The bluesy soundtrack to “The Hitman’s Bodyguard” is one of the winning elements of the Lionsgate release, which has been No. 1 at the box office since Aug. 18, and is teed-up for its third weekend at the top. “‘Hitman’ will take full advantage of a very slow marketplace over Labor Day weekend and is likely to go three for three,” says comScore senior analyst Paul Dergarabedian. The buddy action comedy, which stars Samuel L. Jackson and Ryan Reynolds, features a score by Icelandic composer Atli Övarsson that taps into the soulful songs selected for the soundtrack by director Patrick Hughes.
Growing up in Melbourne, Hughes sang and played harmonica in a band, and ‘Hitman’ cuts like Willie Dixon’s “Sittin’ and Cryin’ the Blues,” Leadbelly’s “Black Betty” and Chuck Berry’s “Little Queenie” are nods to those formative years. “There’s an Australian band called Spiderbait and I always loved their cover of ‘Black Betty,’” says Hughes, who needle-drops it for a speedboat chase through the waterways of Amsterdam. “It’s an eclectic mix.

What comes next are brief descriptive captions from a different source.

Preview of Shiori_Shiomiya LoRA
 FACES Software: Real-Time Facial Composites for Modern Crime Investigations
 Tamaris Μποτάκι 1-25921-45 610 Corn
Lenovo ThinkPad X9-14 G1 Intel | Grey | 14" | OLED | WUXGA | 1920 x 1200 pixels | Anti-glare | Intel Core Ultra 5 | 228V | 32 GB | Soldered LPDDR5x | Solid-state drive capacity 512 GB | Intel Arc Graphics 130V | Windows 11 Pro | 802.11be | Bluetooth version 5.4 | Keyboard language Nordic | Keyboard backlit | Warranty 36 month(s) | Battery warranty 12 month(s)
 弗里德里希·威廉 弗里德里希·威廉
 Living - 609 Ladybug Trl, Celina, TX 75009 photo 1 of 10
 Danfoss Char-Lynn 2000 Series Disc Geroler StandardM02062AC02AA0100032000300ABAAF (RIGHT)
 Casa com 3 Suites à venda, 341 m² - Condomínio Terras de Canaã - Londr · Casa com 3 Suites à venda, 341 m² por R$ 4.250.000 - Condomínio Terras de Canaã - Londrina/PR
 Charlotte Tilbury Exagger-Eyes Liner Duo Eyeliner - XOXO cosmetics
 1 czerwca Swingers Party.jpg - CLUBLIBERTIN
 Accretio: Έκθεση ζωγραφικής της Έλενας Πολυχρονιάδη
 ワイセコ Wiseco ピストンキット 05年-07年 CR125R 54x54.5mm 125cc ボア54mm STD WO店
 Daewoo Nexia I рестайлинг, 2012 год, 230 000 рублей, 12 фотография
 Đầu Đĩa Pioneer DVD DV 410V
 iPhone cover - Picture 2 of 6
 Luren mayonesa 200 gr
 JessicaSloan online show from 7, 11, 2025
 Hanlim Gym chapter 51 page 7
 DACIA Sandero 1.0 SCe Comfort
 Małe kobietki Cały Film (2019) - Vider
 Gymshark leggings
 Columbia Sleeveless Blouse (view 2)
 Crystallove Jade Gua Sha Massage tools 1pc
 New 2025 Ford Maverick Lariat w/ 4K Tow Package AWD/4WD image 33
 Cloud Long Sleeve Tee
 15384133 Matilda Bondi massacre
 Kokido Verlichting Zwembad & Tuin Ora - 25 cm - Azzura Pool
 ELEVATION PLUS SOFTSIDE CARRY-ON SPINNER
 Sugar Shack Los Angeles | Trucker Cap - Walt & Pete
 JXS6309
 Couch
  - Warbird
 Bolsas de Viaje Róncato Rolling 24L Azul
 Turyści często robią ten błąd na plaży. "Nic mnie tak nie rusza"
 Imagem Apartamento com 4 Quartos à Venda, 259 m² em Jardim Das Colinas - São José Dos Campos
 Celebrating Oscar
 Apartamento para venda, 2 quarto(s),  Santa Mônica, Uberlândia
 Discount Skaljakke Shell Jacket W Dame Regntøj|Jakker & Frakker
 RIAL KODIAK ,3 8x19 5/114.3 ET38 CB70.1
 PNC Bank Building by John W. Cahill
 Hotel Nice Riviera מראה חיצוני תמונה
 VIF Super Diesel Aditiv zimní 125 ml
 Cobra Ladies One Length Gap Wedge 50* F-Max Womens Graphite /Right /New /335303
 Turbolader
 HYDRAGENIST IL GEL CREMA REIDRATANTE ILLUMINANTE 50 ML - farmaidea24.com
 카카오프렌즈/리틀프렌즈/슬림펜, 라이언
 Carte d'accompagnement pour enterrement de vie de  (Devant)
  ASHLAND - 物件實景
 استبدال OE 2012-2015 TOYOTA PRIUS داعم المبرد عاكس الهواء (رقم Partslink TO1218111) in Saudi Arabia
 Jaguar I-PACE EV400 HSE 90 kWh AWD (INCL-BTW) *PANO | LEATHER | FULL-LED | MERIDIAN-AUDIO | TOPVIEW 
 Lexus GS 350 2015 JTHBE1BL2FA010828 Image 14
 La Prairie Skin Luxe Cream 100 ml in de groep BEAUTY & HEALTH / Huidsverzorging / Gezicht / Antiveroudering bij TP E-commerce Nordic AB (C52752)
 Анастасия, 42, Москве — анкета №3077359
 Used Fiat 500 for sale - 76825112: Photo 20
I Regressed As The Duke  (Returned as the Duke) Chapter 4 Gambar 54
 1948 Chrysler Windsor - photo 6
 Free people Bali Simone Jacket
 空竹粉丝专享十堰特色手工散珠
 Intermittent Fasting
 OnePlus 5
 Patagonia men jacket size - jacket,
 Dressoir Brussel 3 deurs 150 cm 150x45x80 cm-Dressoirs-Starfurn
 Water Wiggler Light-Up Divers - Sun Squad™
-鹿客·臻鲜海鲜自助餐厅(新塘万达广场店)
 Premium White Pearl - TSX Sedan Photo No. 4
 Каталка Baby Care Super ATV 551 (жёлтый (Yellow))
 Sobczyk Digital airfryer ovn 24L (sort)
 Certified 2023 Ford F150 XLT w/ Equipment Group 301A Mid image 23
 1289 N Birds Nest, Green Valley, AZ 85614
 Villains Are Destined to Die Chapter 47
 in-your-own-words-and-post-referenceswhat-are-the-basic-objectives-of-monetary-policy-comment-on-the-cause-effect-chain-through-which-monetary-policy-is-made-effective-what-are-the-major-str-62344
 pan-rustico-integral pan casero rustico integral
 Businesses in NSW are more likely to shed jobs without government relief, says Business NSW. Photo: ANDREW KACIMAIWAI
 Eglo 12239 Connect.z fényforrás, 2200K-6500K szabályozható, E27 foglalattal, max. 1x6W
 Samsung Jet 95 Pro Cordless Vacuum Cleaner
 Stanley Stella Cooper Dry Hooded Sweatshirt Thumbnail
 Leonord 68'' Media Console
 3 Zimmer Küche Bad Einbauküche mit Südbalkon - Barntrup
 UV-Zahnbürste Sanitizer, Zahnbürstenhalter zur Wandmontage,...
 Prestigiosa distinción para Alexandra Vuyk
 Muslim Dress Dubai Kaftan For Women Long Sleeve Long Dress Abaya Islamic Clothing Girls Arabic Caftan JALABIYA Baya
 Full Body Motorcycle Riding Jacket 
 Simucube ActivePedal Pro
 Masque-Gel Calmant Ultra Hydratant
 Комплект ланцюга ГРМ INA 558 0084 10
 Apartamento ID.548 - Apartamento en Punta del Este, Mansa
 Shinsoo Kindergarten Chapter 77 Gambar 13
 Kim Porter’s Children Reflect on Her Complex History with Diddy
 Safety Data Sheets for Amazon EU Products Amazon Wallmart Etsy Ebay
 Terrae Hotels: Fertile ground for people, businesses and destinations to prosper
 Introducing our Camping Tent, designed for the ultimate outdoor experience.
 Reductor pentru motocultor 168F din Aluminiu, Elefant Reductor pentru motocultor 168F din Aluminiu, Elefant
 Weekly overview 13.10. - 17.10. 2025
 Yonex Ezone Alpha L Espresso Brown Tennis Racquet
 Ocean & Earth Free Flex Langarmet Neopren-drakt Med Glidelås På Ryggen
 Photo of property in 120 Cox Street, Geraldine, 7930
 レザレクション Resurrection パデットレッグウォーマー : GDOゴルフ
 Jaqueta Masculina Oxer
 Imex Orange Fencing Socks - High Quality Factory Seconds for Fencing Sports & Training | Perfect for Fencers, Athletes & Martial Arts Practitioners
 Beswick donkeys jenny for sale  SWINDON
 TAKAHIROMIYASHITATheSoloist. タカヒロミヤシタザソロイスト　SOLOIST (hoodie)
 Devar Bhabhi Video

We even have a busload of singing nuns,” Hughes adds, referring to an interlude of lyrical levity that sees Jackson lead a sisterly sing-along to “The Italian Drinking Song” (an actual ditty, published by Warner/Chappell).
“We were playing a lot of the tracks on set. The Chuck Berry tune was used over a fight sequence. I liked the playful nature of it, which turned it from just a badass fight into a bit of a dance.” More melodic irony occurs during a flashback to when Jackson’s character, Kincaid, meets the love of his life, played by Salma Hayek. Glimpsed in a bar, she takes down a gang of bikers as Lionel Richie croons “Hello.” “If Sam was going to fall in love with Selma in a bar, I wanted it to play out in slow motion against a really great ‘80s love ballad,” Hughes explains.
The combination of Hughes’ classic song selections and Övarsson’s soulful score provides “depth and emotional direction” for the story and characters that is rare in action movies, says Millennium Films music supervisor Selena Arizanovic.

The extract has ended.